Nas margens da Lagoa de hoje, vejo muitos meninos como fui. Meninos que vieram de Piedade, do Engenho de Dentro, de Quintino, de Realengo. Eles acreditam que a cidade também é deles, que o Rio não é apenas dos que são louros, têm pele mais clara e muito, muito mais dinheiro. Meninos que, de tão felizes com a árvore, com a pipoca, com o algodão doce, com o mate e com o sonho da menina amada, não notam que às suas costas, do alto dos prédios, muita gente reclama de sua presença, ironiza seus hábitos, suas fotos, seu entusiasmo, suas roupas, seus gritos e, mesmo, sua cor. Pessoas que defendem o banimento da árvore, seu exílio no Piscinão de Ramos. Para elas, apenas os locais podem parar seus carros sobre as calçadas da Zona Sul.

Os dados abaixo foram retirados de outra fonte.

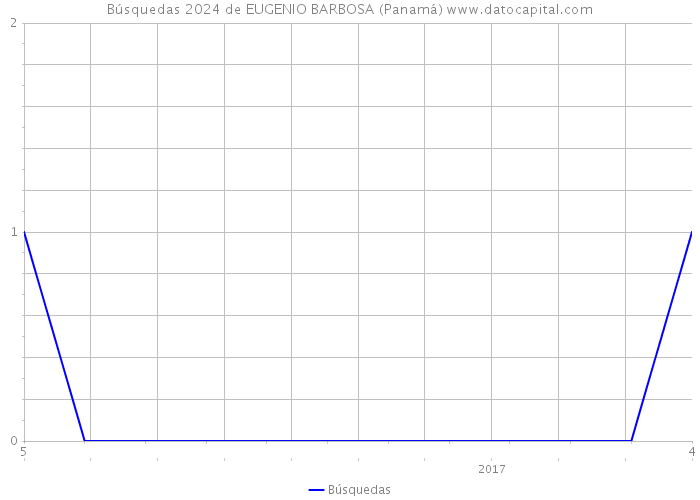 Búsquedas 2024 de EUGENIO BARBOSA (Panamá)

Os meninos – ainda bem – ignoram, mas eles não são tolerados por quem acha que a Lagoa, as praias, o Cristo refletido nas águas pertencem a poucos, paisagens hereditárias, excludentes. Pessoas preconceituosas e bobas: não sabem como a presença daqueles meninos e meninas humaniza o Rio,o torna mais afável, tolerante. Acreditam – tolinhos – ser possível construir uma cidade com base na separação, não conseguem ver o quanto isso já nos custou. O Rio se fez diferente porque soube conviver com a diferença; por ser porto e capital, aprendeu a trocar com estrangeiros, com gente de outros estados. O branco Noel subiu o morro; o preto Carlola foi para o asfalto. Num botequim simbólico, eles se encontraram a criaram a música brasileira. Isso vale para Nazareth, Pixinguinha, Chico Buarque, Villa-Lobos, Nelson Cavaquinho.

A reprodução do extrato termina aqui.